# [REQUIRED ACTION]
Give back every line of the material exactly. Skip the pictures.
-------- RECORDED INFORMATION
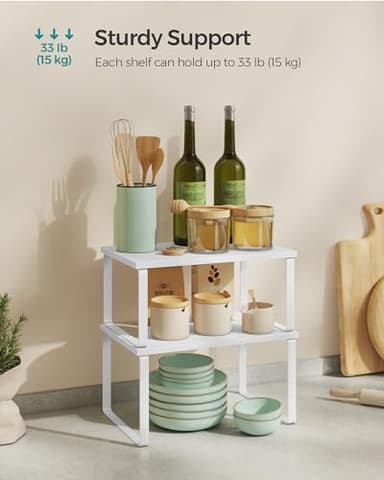 SONGMICS Cabinet Organizer Shelf, Set of 4 Kitchen Counter Shelves, Kitchen Storage, Spice Rack, Stackable, Expandable, Metal and Engineered Wood, Cloud White and Snow White UKCS027W01 - Image 5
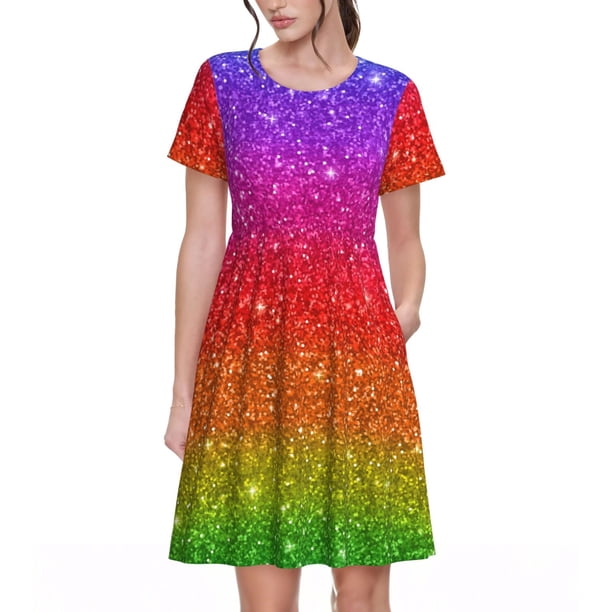 Easygdp Rainbow Glitter para Vestido Transpirable de Mujer, Vestido Suelto de Manga Corta con Pliegues y Bolsillos para el Verano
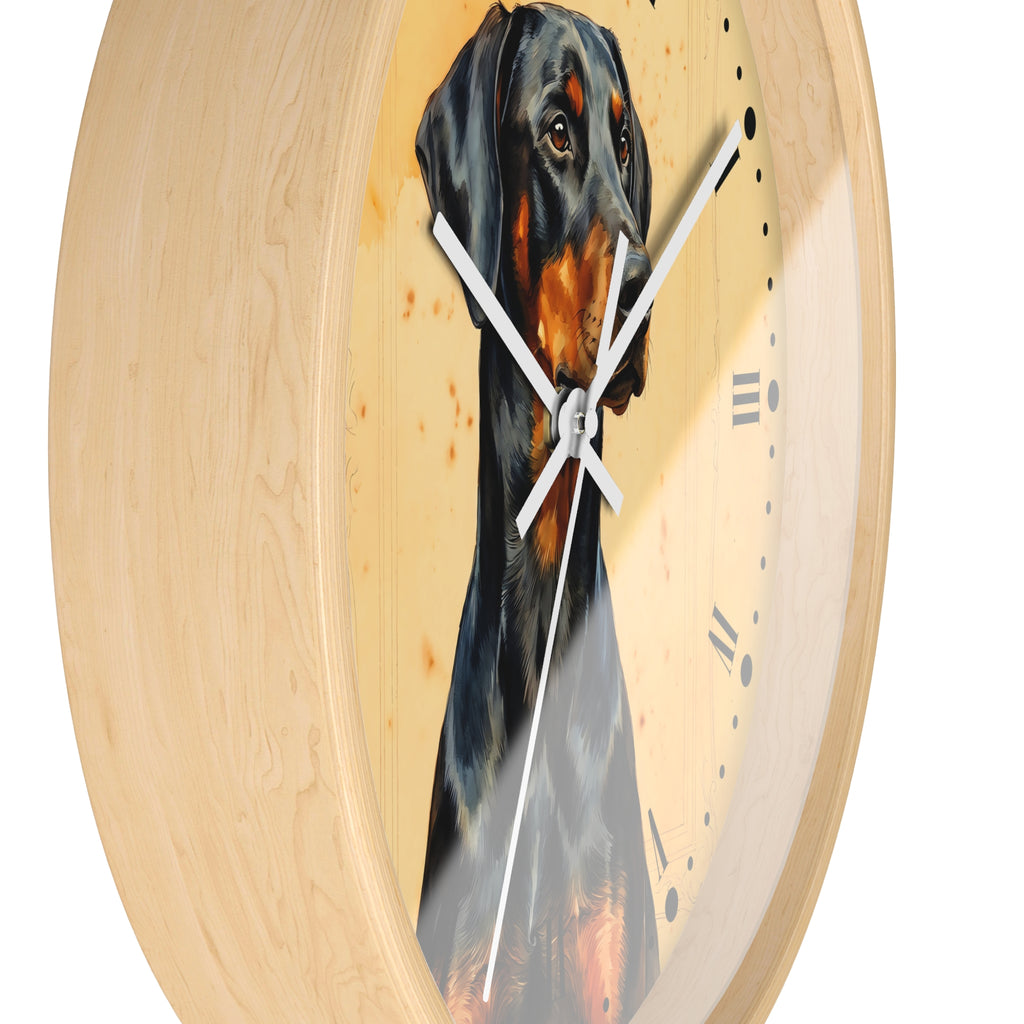 Doberman Pinscher Portrait Wall Clock — Rustic Dog Decor for Pet Lovers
----------------
# [YOUR RESPONSE]
 SONGMICS Cabinet Organizer Shelf, Set of 4 Kitchen Counter Shelves, Kitchen Storage, Spice Rack, Stackable, Expandable, Metal and Engineered Wood, Cloud White and Snow White UKCS027W01 - Image 5
 Easygdp Rainbow Glitter para Vestido Transpirable de Mujer, Vestido Suelto de Manga Corta con Pliegues y Bolsillos para el Verano
 Doberman Pinscher Portrait Wall Clock — Rustic Dog Decor for Pet Lovers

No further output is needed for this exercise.